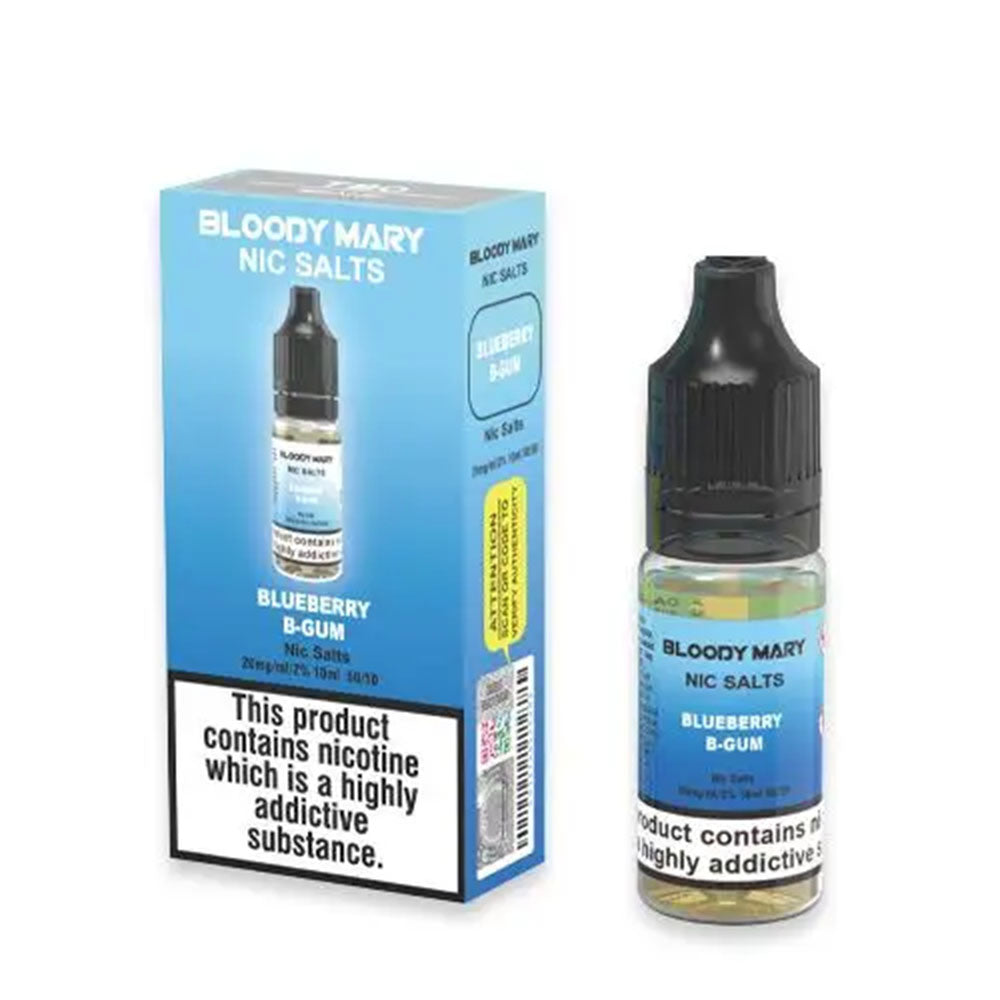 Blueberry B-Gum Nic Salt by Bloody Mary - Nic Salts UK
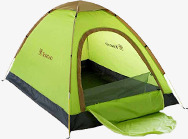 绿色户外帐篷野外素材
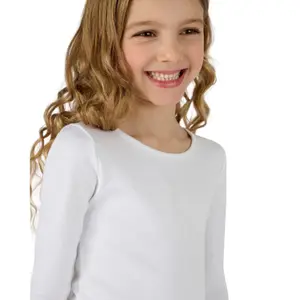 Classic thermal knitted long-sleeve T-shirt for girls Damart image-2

**PROBLEM STATEMENT**: In your copy, the listing above should appear word for word, with no images.

**EXERCISE RESPONSE**:
 Blueberry B-Gum Nic Salt by Bloody Mary - Nic Salts UK
 绿色户外帐篷野外素材
 Classic thermal knitted long-sleeve T-shirt for girls Damart image-2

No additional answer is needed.